17
You Can’t Have a B without an A
Nobody knew what the B stood for. It was simply what everyone called him. Most of the time, B-Man stumbled around Evandale muttering to himself. All year long, no matter the season, he always dressed like it was Christmas. He was never without a hood pulled up over his head. When you put it all together—the stooping, stumbling gait; the bulging layers of clothes; the fur-fringed hood that kept his face in perpetual shadow—he looked less like a human being and more like a creature from under a bridge. If that wasn’t enough to spook the locals, there was always Razor, B-Man’s dog.
Razor was a big, meaty, chocolate-colored mutt. By the looks of her, she had genes that ran the full range of bull—bulldog, pit bull, bull terrier. Needless to say, she came out looking fairly nasty. Despite the ferociousness of her face, however, it was the dog’s other end you had to worry about. Razor was a relentless farter. The only person who didn’t mind the stench, of course, was B-Man (probably because he reeked so bad himself).
“You sure about this?” Calen asked me.
We had parked close (but not too close) to the wall of the Super Center where B-Man was pacing. Calen had cut the engine, but we just sat there.
“If you know that guy, go talk to him. Not me. Looks like if he breathed on you, you’d get AIDS.”
Alana rewarded Calen’s crack about AIDS with a slap to the back of his head.
“Ow!”
Sometimes, you can talk to B-Man and it’s like talking to a regular person. There’s a certain logic to the conversation, or something approaching logic. Other times—or rather, most of the time—it’s gibberish.
I got out of the car and walked over to him. I had a feeling it was a gibberish day. B-Man was pacing back and forth, muttering to himself, Razor following at his heels.
“Solid ground.
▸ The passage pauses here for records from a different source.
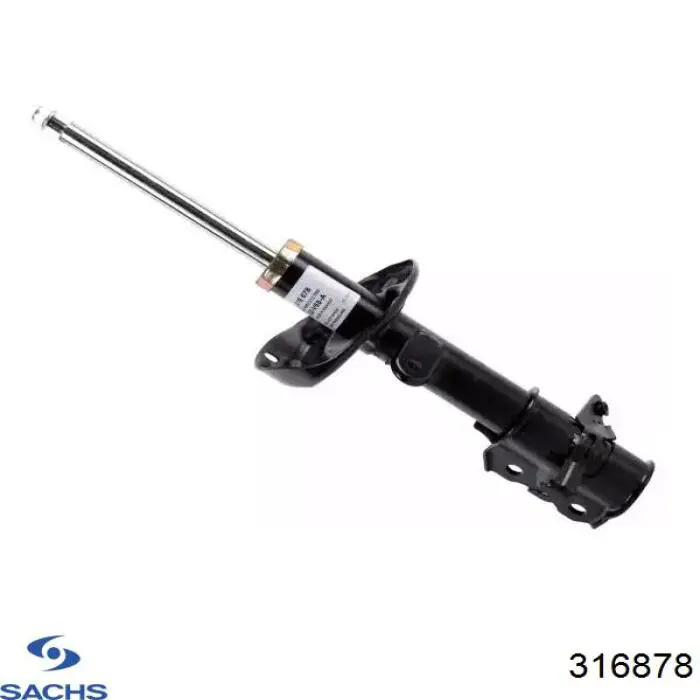 316 878 Sachs amortiguador delantero izquierdo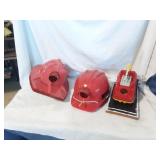 Custom Crafted Bird Houses (3)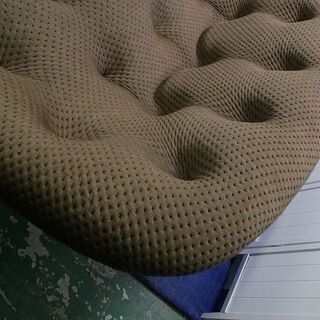 R1953) ligne roset リーンロゼ PLOUM/プルム 2人掛けソファ 2014年製! ソファ 店頭取引大歓迎♪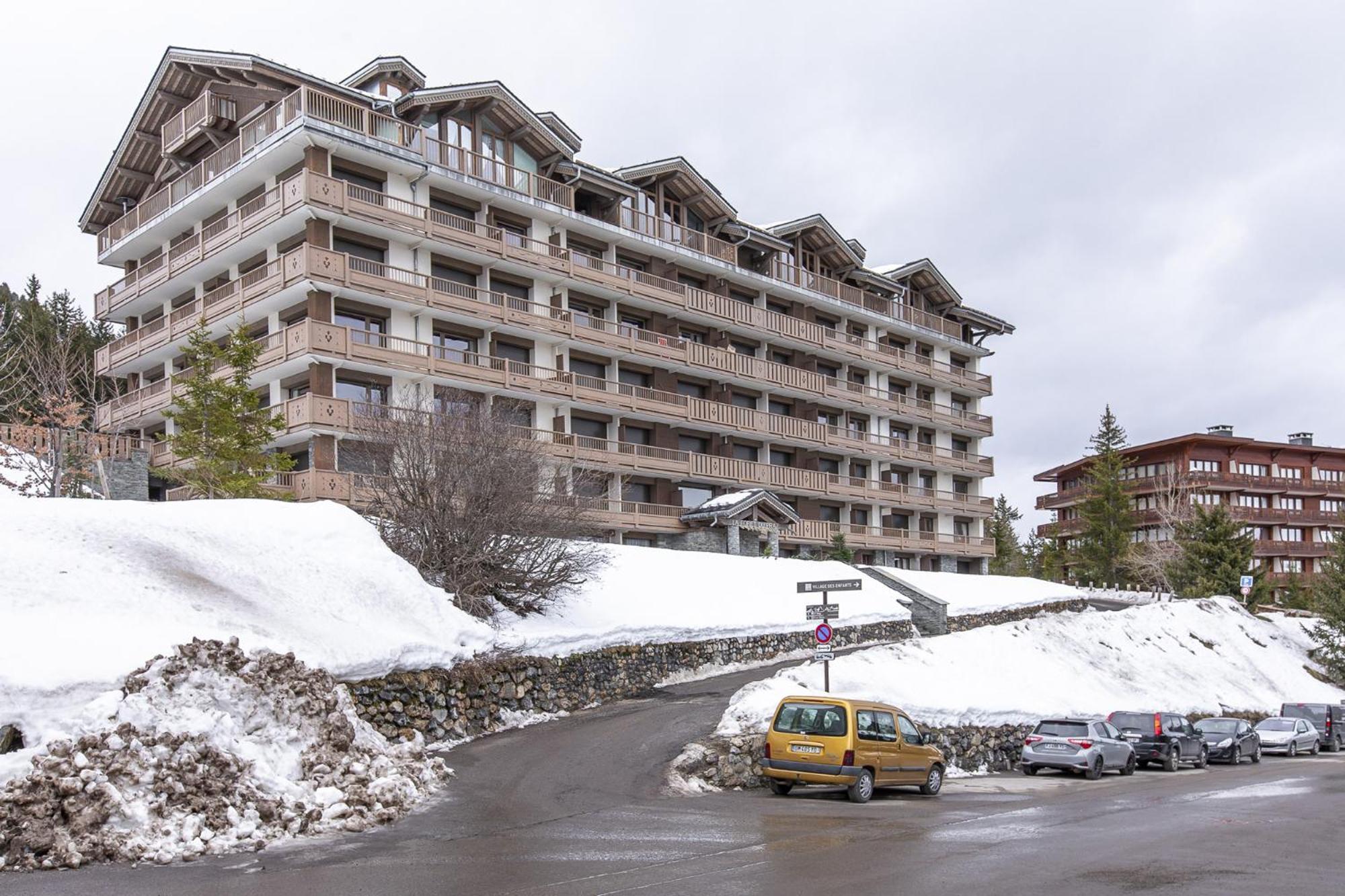 Residence La Foret Du Praz - Courchevel 1850 エクステリア 写真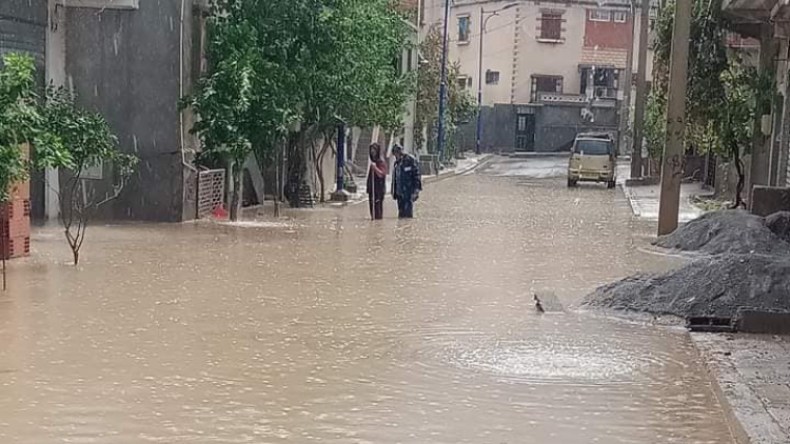 وفاة طفل إثر أمطار طوفانية في ميلة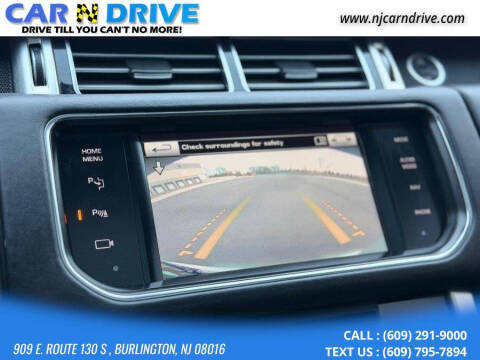 2015 Land Rover Range Rover Supercharged LWB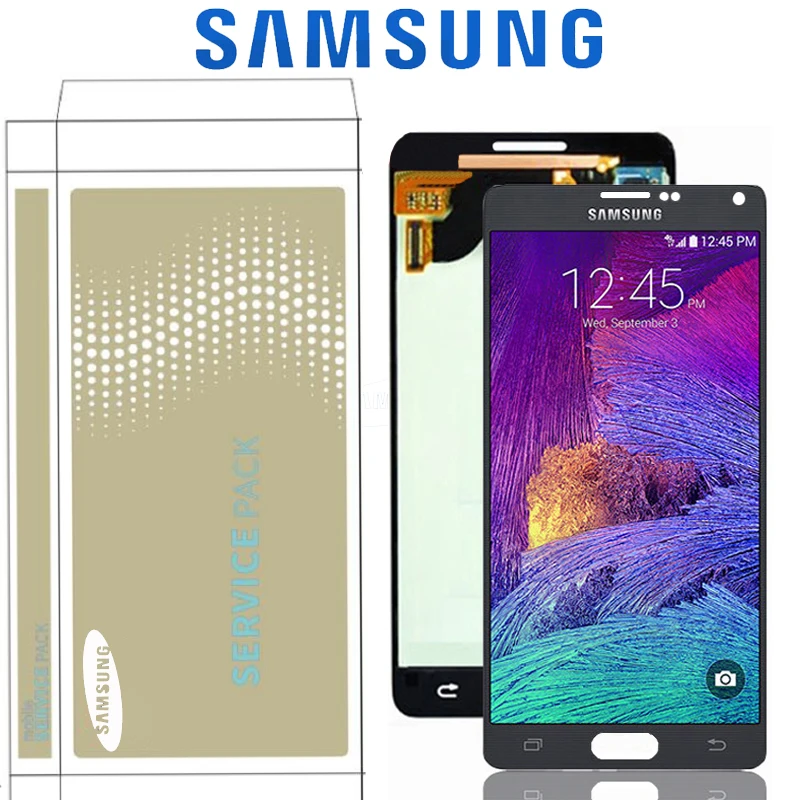 4 7 ''оригинальный Супер AMOLED LCD для Samsung Galaxy Note Mini Alpha G850 G850F G850M дисплей сенсорный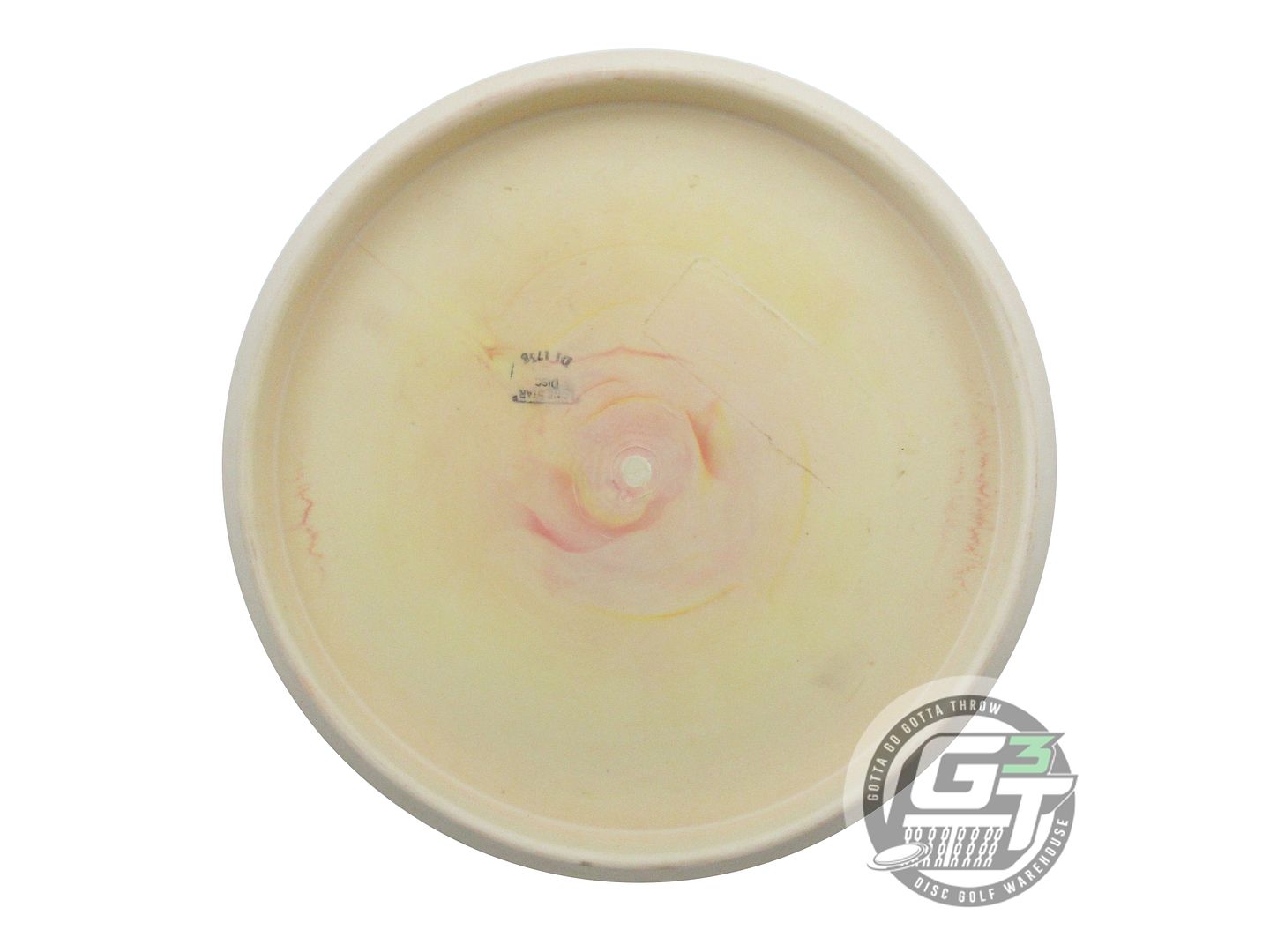 USED Lone Star Delta 1 Horny Toad 173g Lt. Yellow Putter Golf Disc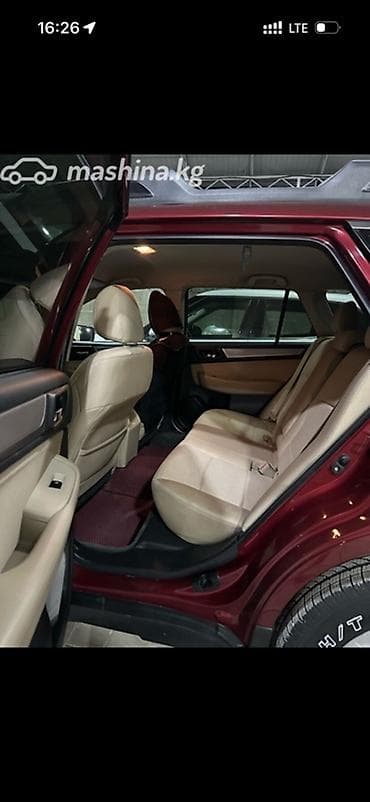 legasy b4: Subaru Outback: 2014 г., Универсал — 6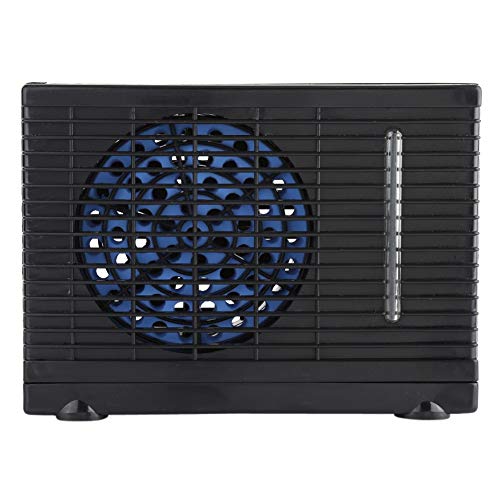 Jingyi Ventilador de Acondicionador Coche, Respetuoso con El Medio Ambiente CamióN de Coche PortáTil de 12 V Hogar Mini Refrigerador de Aire Ventilador de Enfriamiento por Agua Evaporativo Ventilador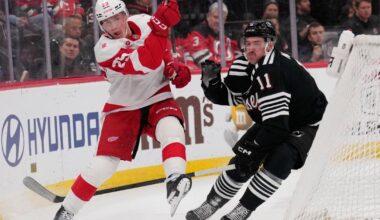 Devils snap losing streak with 4-3 win over Red Wings | National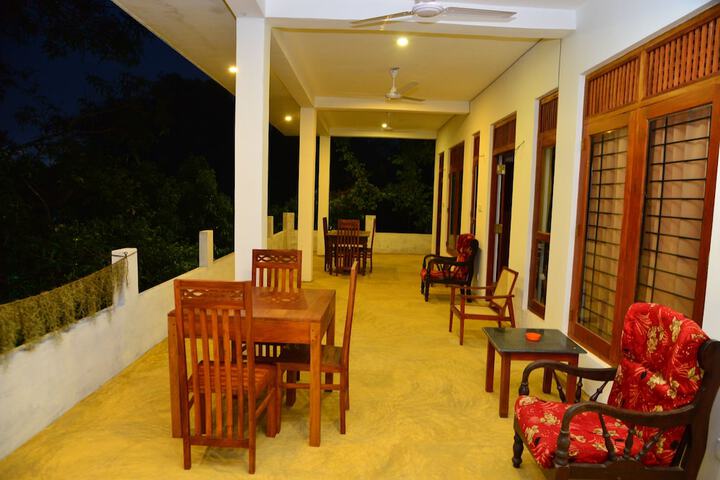 Villa wanderlust in Hikkaduwa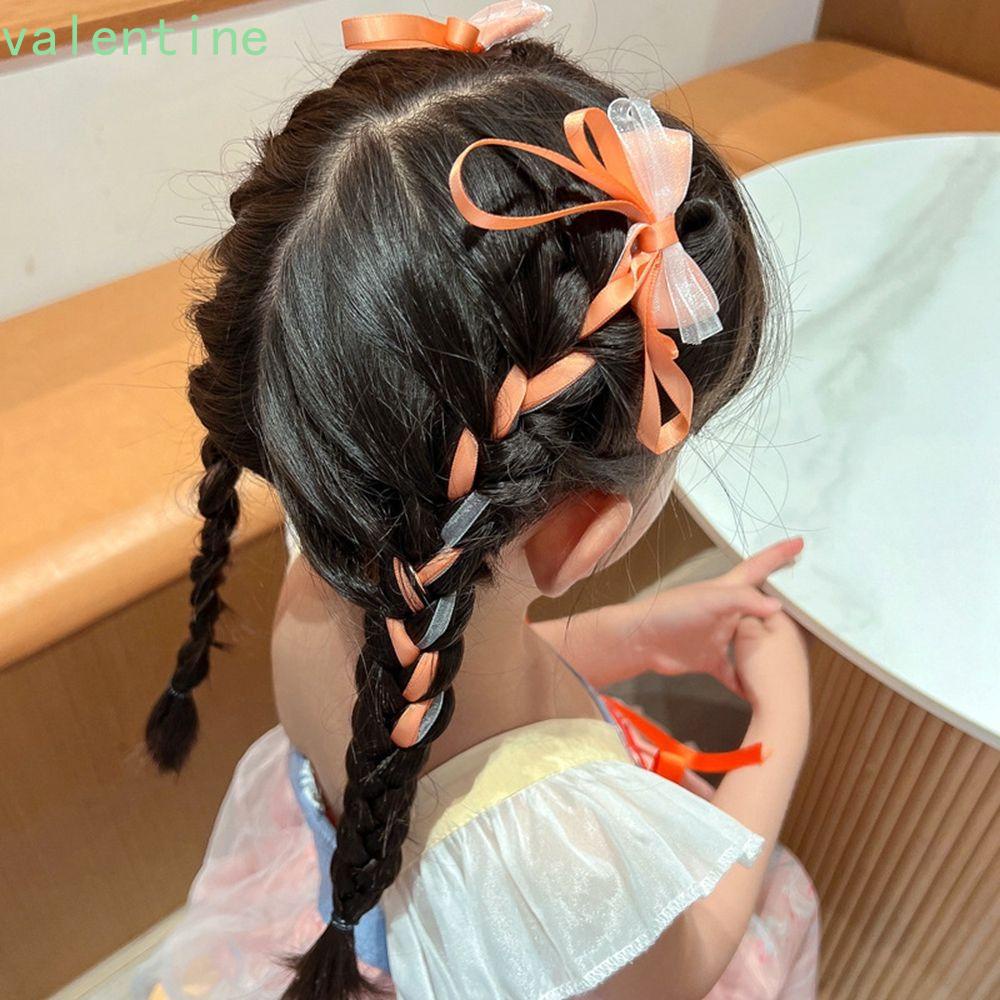 Kẹp Tóc Nơ Tua Rua Dễ Thương Phong Cách Trung Hoa Cổ Điển AVALENTINE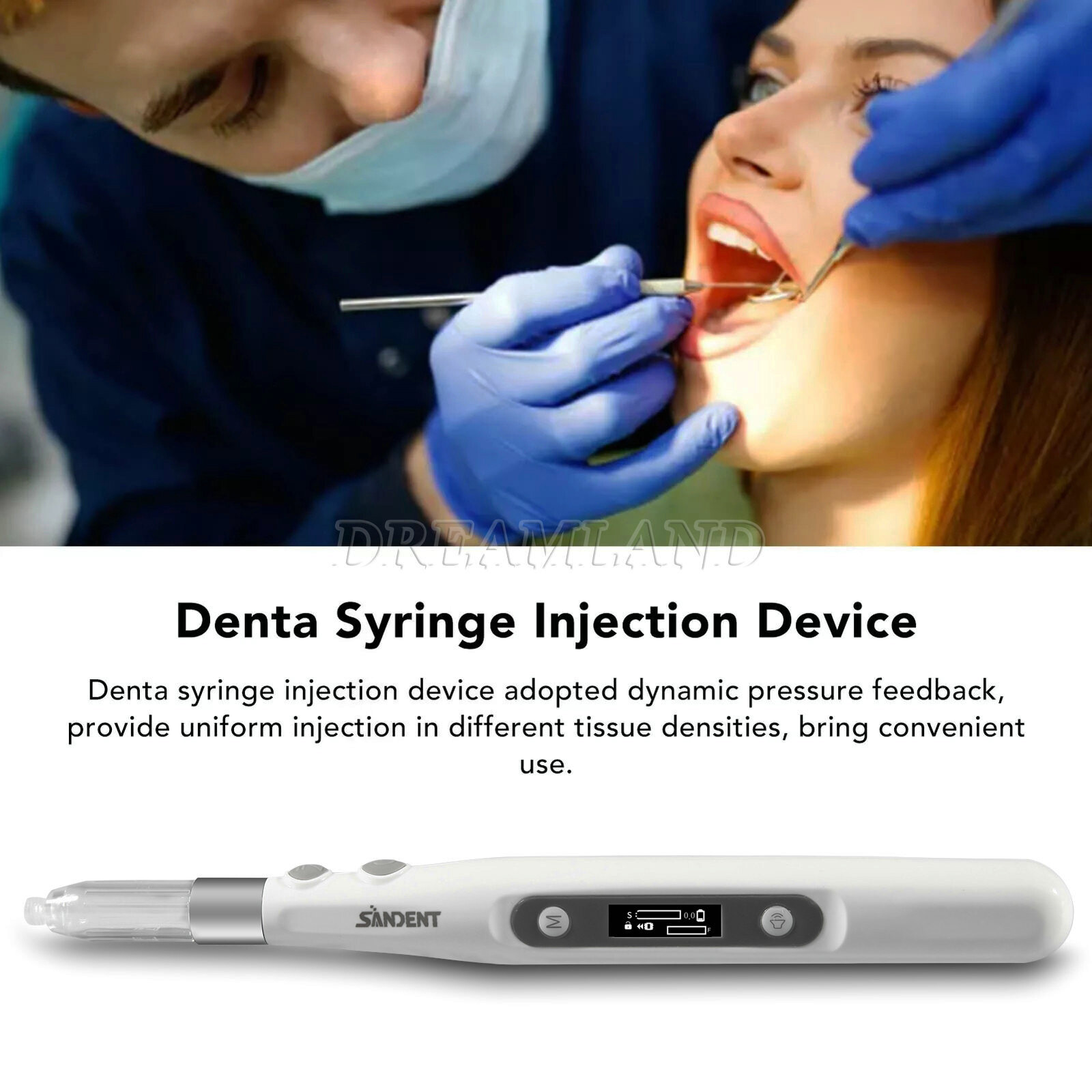 Dental Professional Painless Oral Local Anesthesia Device For Dentist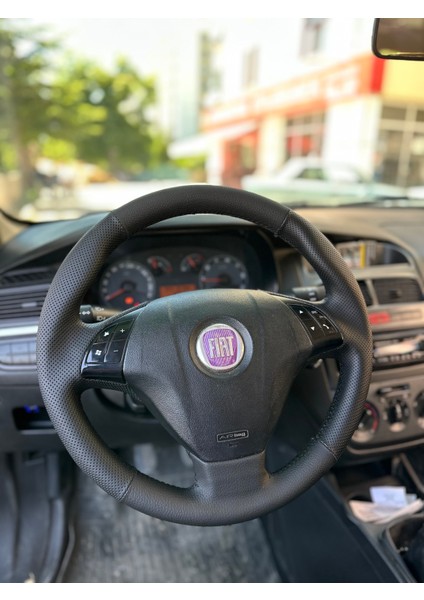 Fiat Linea (Tuşlu) Araca Özel Direksiyon Kılıfı modelleri
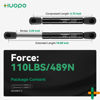 Picture of 10 Inch 110Lb/489N Gas Strut Shocks Spring Lift Support for Truck Pickup Tool Box Lid RV Overhead Cabinet Door Toy Toolbox Cover Boat Storage Struts Replacement Parts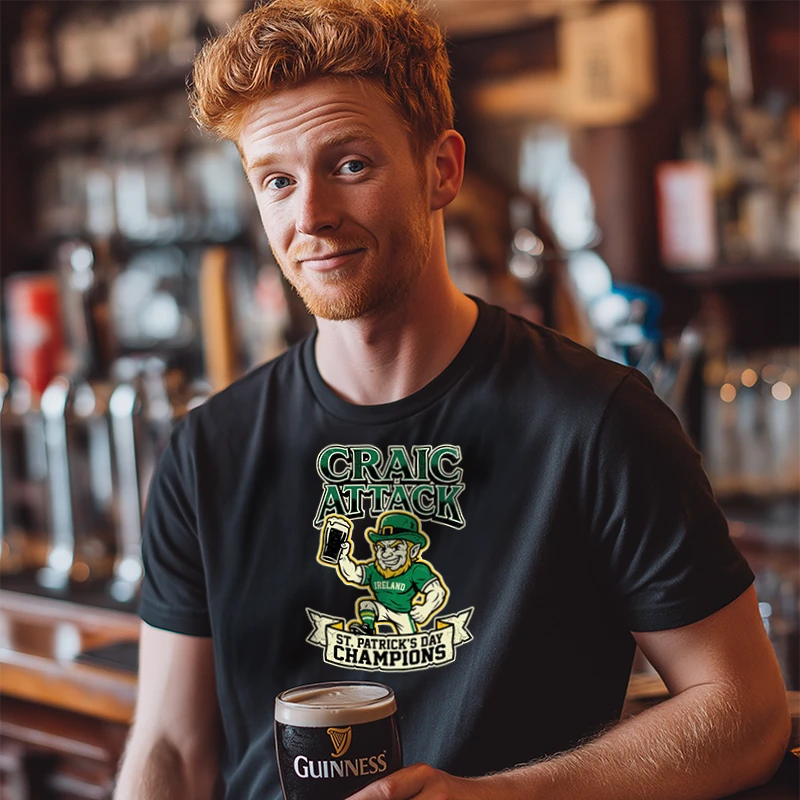 Craic Attack - Ireland Rugby Style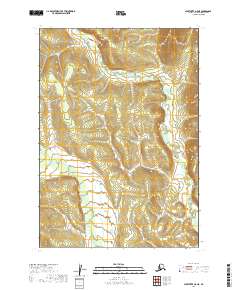 Sleetmute A-5 NE topographic map thumbnail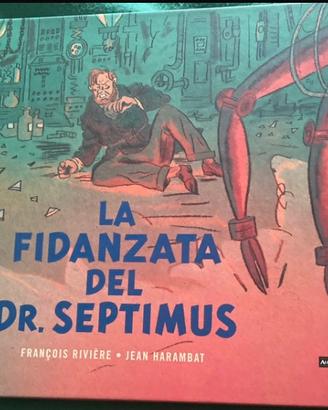 La fidanzata del Dr. Septimus. Blake e Mortimer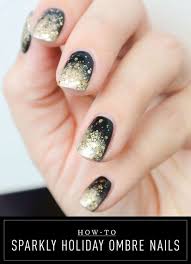 Sparkly New Year S Eve Ombre Nails Nail Tutorial Vira melnyk march 22, 2017.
Fuckers always keep it shifting.” At least that’s what I think he said (apparently, but not necessarily, to his dog). “You find some solid ground, and you stick it.” To demonstrate, he stabbed the air, fingers sharp as a blade. “Never know what’s coming. The machine’ll fuck ya every time. Cuz there’s ghosts in there. Echoes! Wheels within wheels, man, wheels within wheels!”
“B-Man?”
He stopped and looked at me. Razor toddled over and sniffed my crotch. When I shoved her head away, she blasted out a fart.
“Gross!” was Alana’s response, through the car window.
I stepped around the dog and the cloud of fumes. “B-
Man? What’s up?”
He didn’t answer because he was too busy muttering to himself. For a second, I thought it was a mistake coming over. Maybe I should have done what I usually did when I saw B-Man: Ignore him. Instead, I went a bit closer.
“I’m looking for A-Man. He around?”
B-Man paused for a second, then went on pacing. “If you know where he is, could you tell me?” More pacing. More muttering.
“B-Man? It’s me, Kaz. From the Sit ’n’ Spin. I work for Mr. Rodolfo, remember?”
The moment I said “Mr. Rodolfo,” B-Man flinched. I had his full attention. But instead of telling me where A-Man was, he charged at me.
Nomi yelled from the car. “Kazuo!”
I turned to run, but Razor already had a whiff of B-Man’s rage. She was between me and the car, barking and farting for all she was worth. Before I could get away, B-Man grabbed hold of my T-shirt, pulling my face right inside the mouth of his hood. His breath in there was almost as bad as what spewed from Razor’s ass crack.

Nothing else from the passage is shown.